少し前、ある人の奥さんがなくなりました。

その方に、『奥さんは何で亡くなったのですか?』とお聞きしたら

『肺がんでした。』と答えられました。

その奥さんは、とても煙草を吸う人には見えなかったのでびっくりして

『奥様は喫煙されていたのですか?』と聞くと

『全く1本も吸わなかったですが、医者によれば、そう言うことも多々あるそうです。』と答えられました。

私は大変失礼なことをお聞きしたと後悔しました。

喫煙と深い関係にあるとされている肺がんでさえ、

『過度の喫煙』がなければ、『病気』がない  

は成り立ちません。

 

④はどうでしょう。

これも全く成り立ちません。

過度の喫煙をやめたらすべての病気が治るなどと言うことがないのは、明らかなことです。

入院患者は喫煙は許されません。

しかし、喫煙をやめただけで病気が治るのであれば、治療は要らないことになります。

 

 

縁起の公式とは、仏陀が、苦の直接原因、根本原因を見つけるためのものでした。

 

徹底的に考え抜くためのものでした。

 

それが、後世になればなるほど、いい加減で曖昧なものに解釈されていったのです。

歴史上の仏陀の真意は失われたということです。

 

このような解説を見るたびにとても情けなくなります。

 

縁起の公式とは、仏陀が、完全に苦を滅するために、苦の根本原因を見つけるための公式だったのです。
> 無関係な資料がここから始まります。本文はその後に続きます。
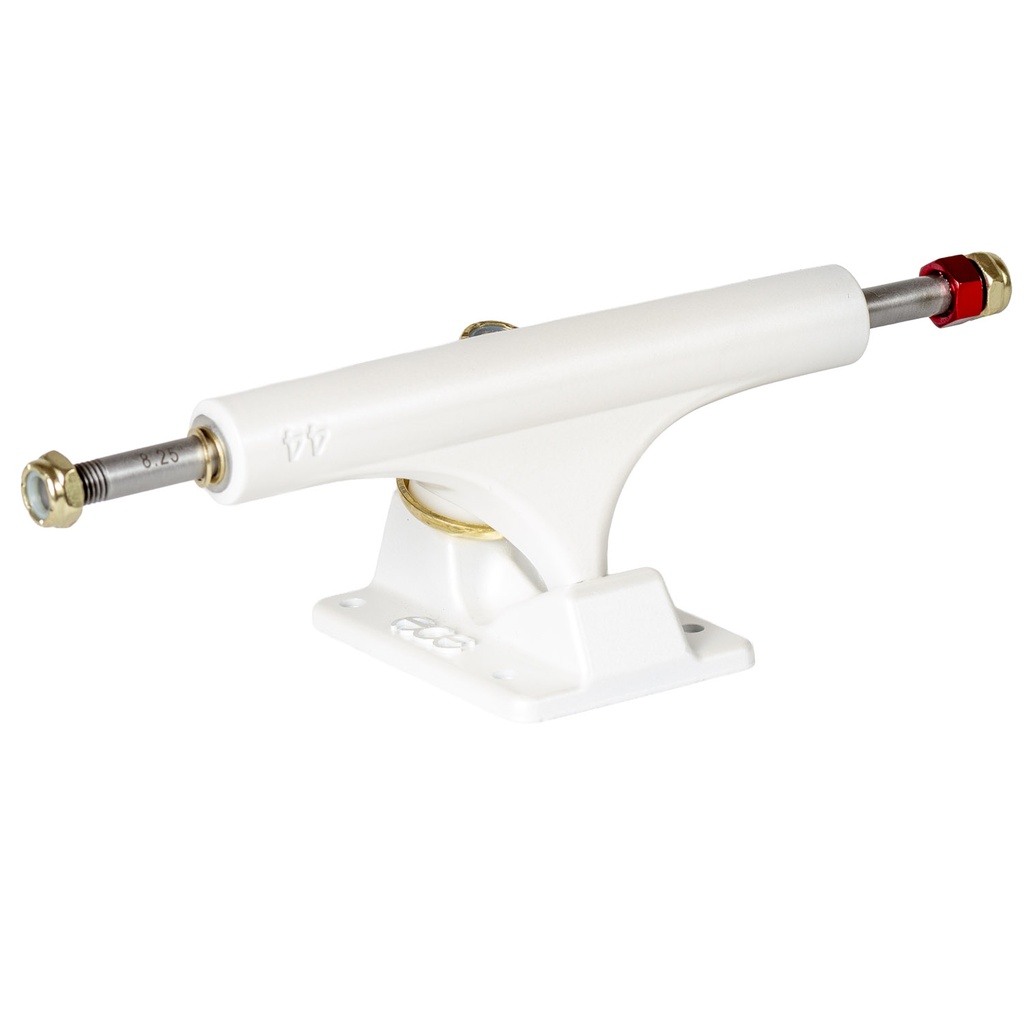 ACE AF1 80 SATIN WHITE W/GOLD HARDWARE TRUCK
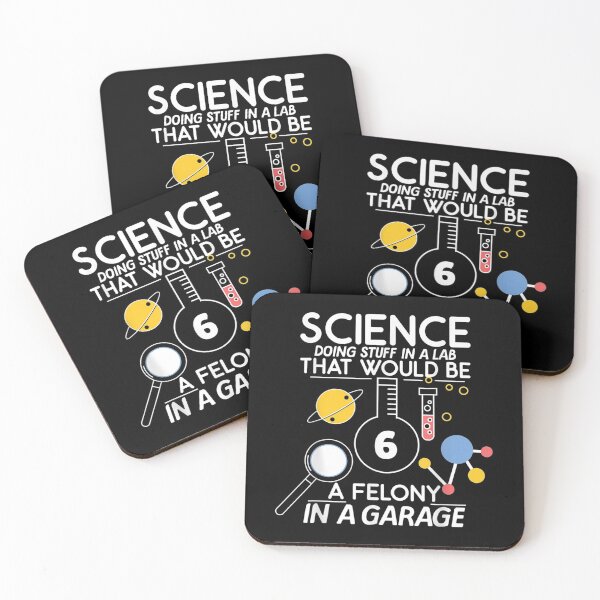 Item preview,  Science Doing Stuff Would Felony designed and sold by donnagia.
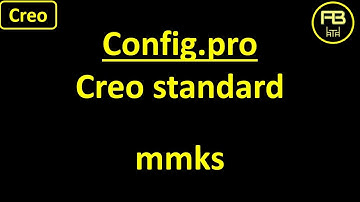 How to set creo standard config.pro file l How to set default config.pro file in creo l Friend bench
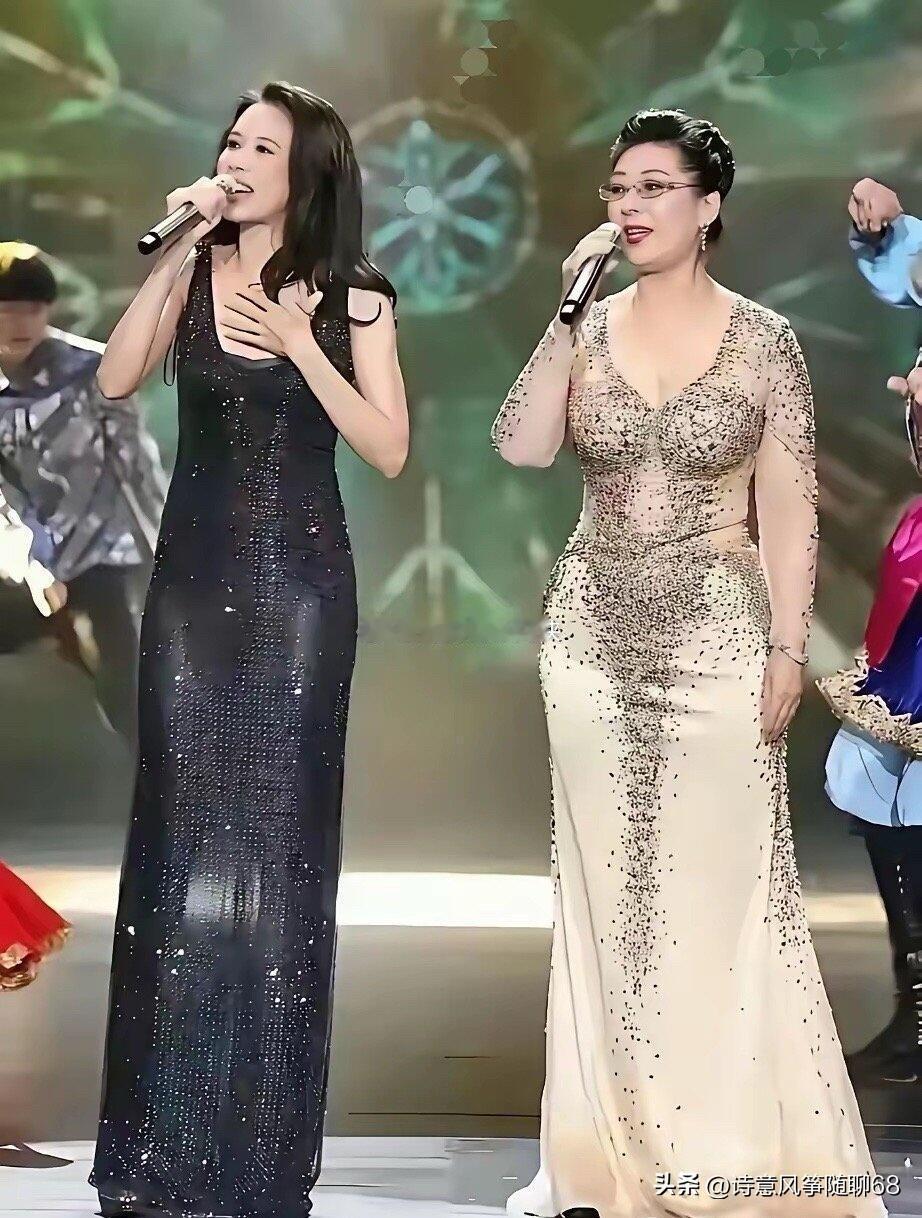 女明星追求完美身材的虽然保持了体型，但身上没有什么肉，看起来就显老一点，你看看旁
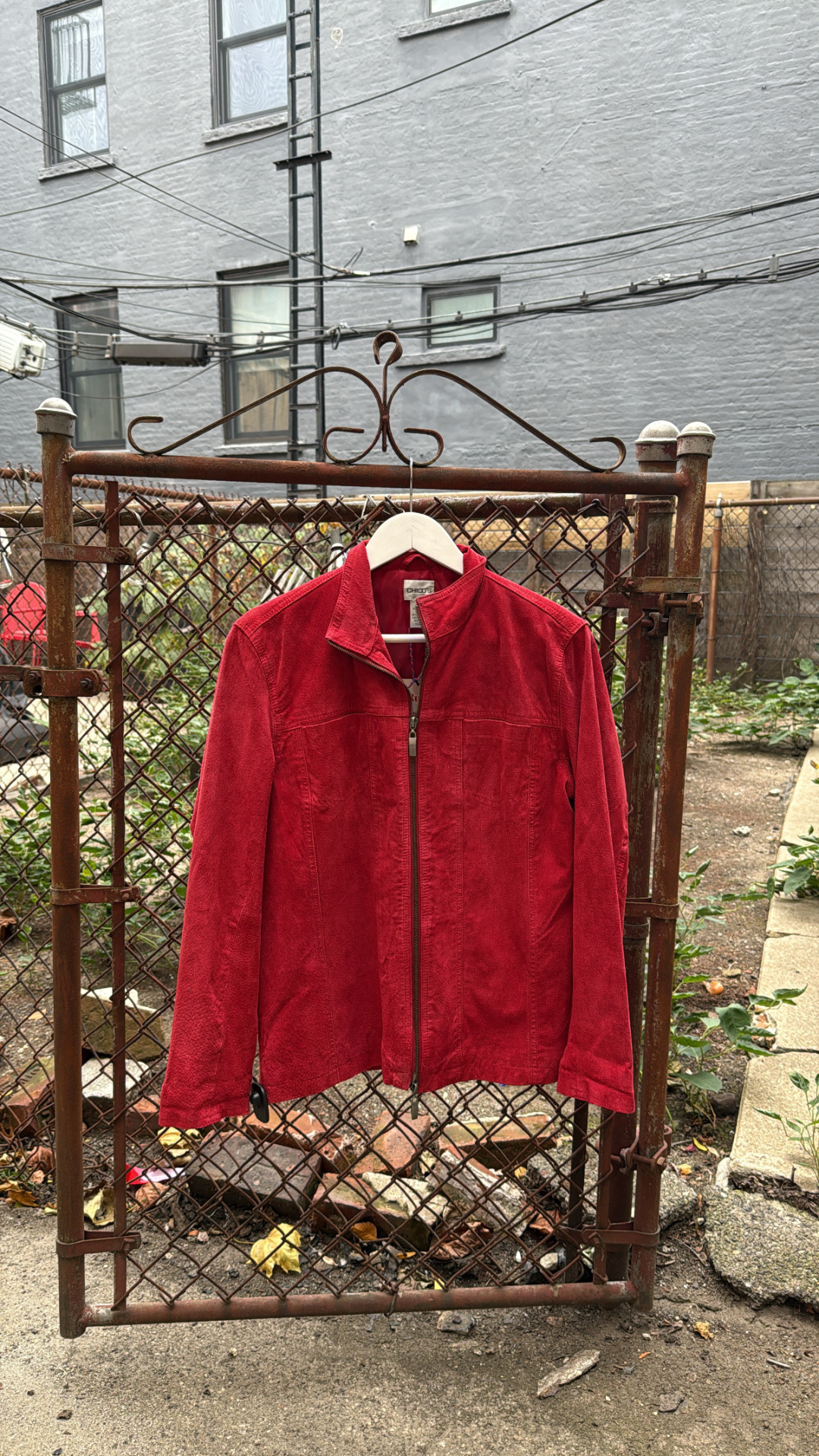 Chico jacket, red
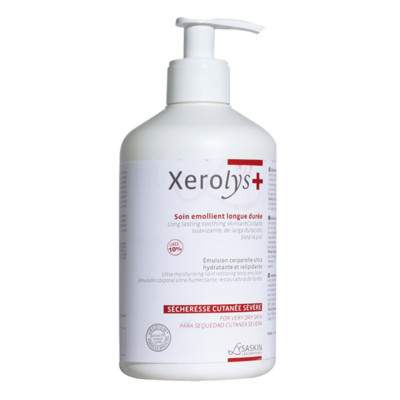 Emulsie pentru piele uscata Xerolys+, 200 ml, Lab Lysaskin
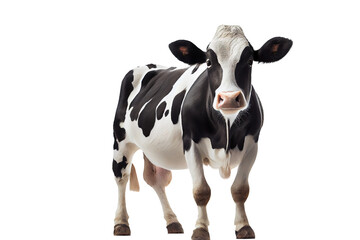 Wall Mural - cow transparent background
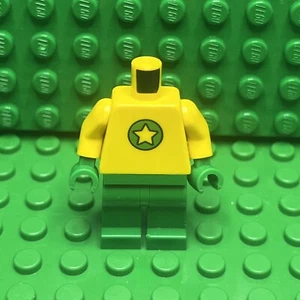 Lego bob026 PATRICK SUPER HERO SpongeBob SquarePants Minifigure No Head Or Cape - Picture 1 of 2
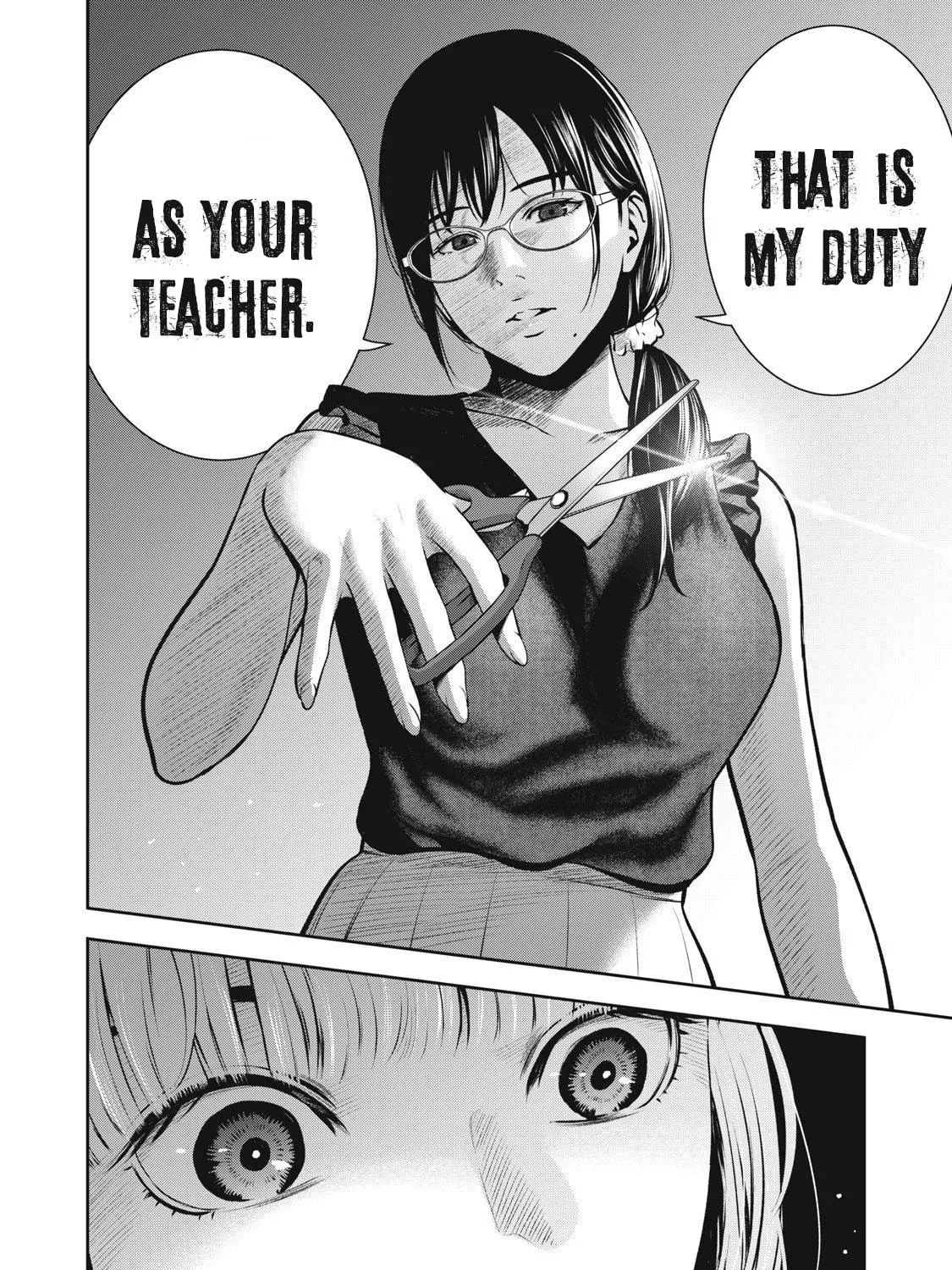 Read Akai Ringo chapter 6 image 8 on Lezhin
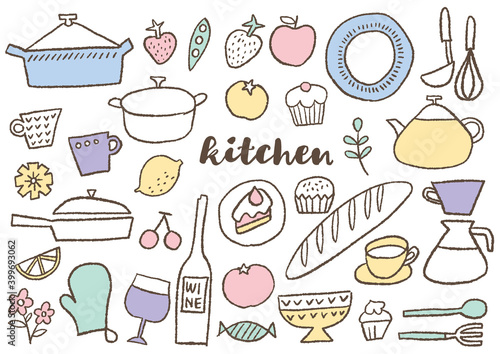 キッチンイラスト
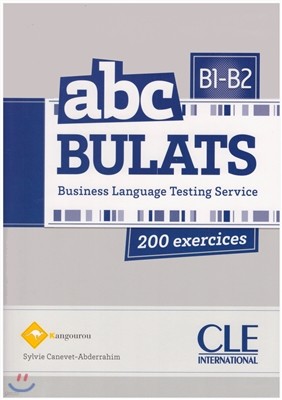 ABC Bulats B1/B2 (+ CD MP3, Corriges)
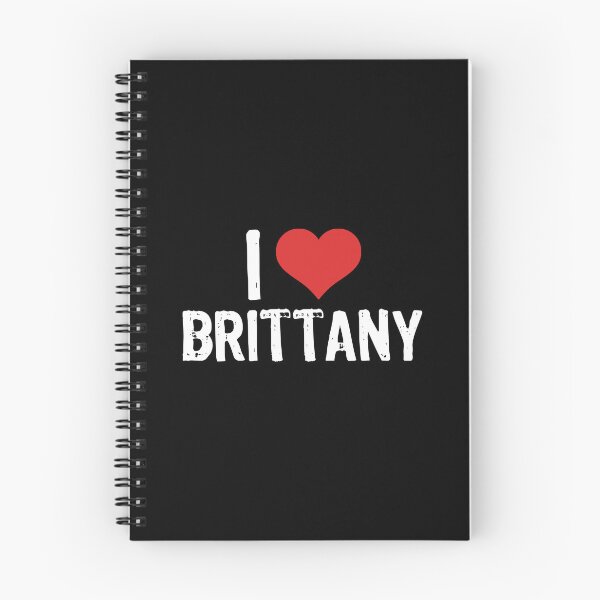 Item preview, I Love Brittany designed and sold by The "I Love Everything" Shop.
苦の根本原因を見つけ、その根本原因を滅することによって苦を滅することができると考えたのです。

 

後世の仏教者が考えているような、どこにでも通用するような『ちょっとした原因』などでは全くないのです。

あるいは、この『縁起』を使って、すべて縁起でできているから自性がない、空である、というような独自の説に持って行った流れがありますが、全く間違っています。

 

原始仏典をどれでもいいから見ればわかります。

歴史上の仏陀が言った『縁起』とは、『苦の縁って起こる原因』のことなのです。

それ以外に、縁起と言う言葉が使われた仏典はありません。